Today's initial jobless claims came in at 342,000 on a seasonally-adjusted basis, the lowest reading since January 2008. As a result of the improving economy, the US stock market has rallied on the news. The chart below shows where we are in the context of past cycles. Currently, at 342,000, initial jobless claims are still a fair amount above their historical cycle troughs in the 300k range. This suggests the bull market still has legs from a fundamental recovery standpoint. As long as we don't undergo a sharp reversal, we're likely to continue to see an upward trend in the market.
Takeaway: Something interesting is happening in the labor market.
The last four weeks have seen a notably positive divergence from both trend and historical perspectives. The last two weeks have shown the sharpest improvements. Our preferred method for evaluating labor conditions is the year-over-year rate of change in the non-seasonally adjusted initial jobless claims. In the last three weeks, that figure has been -3.8%, -6.2% and today -8.6%. In other words, rolling NSA claims are 8.6% lower than last year.

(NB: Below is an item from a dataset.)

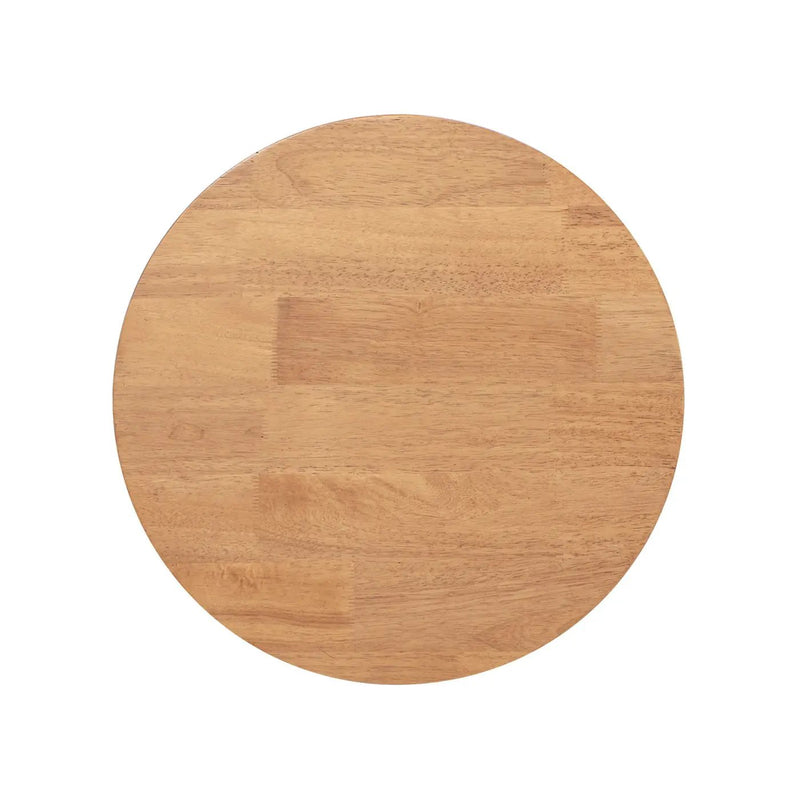 Kenzie - Fluted Pillar Round Accent Side Table - Light Natural Brown by HouseOfZazla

One of our central tenets in thinking about the big picture for Financials has been this recurring dynamic in seasonal distortions, as it has correlated tightly with sector performance for the last three years. Interestingly, the strength in the underlying labor market over the last few weeks is strong enough to more than offset the seasonality distortions. This is, for now, turning the sell-in-May dynamic on its head. It doesn't hurt that the housing metrics are also strengthening, though this shouldn't be surprising as the two (labor & housing) are closely co-integrated.
How Low Can Claims Go?
Thinking longer term about the setup, rolling claims (SA) are currently at 342k with the most recent week at 324k. The first chart below shows the claims history (rolling SA) back to 1967. Every economic cycle since the late 1970s has seen claims trough at around 300k. To be precise, in prior cycles, claims bottomed at:
* 312k November, 1978
* 287k January, 1989
* 266k April, 2000
* 286k February, 2006
This works out to an average of 288k with a standard deviation of 19k (on a very small sample). In other words, we're still 54k above historical cycle troughs or roughly 2.8 standard deviations, a pretty healthy margin of error for the bull case.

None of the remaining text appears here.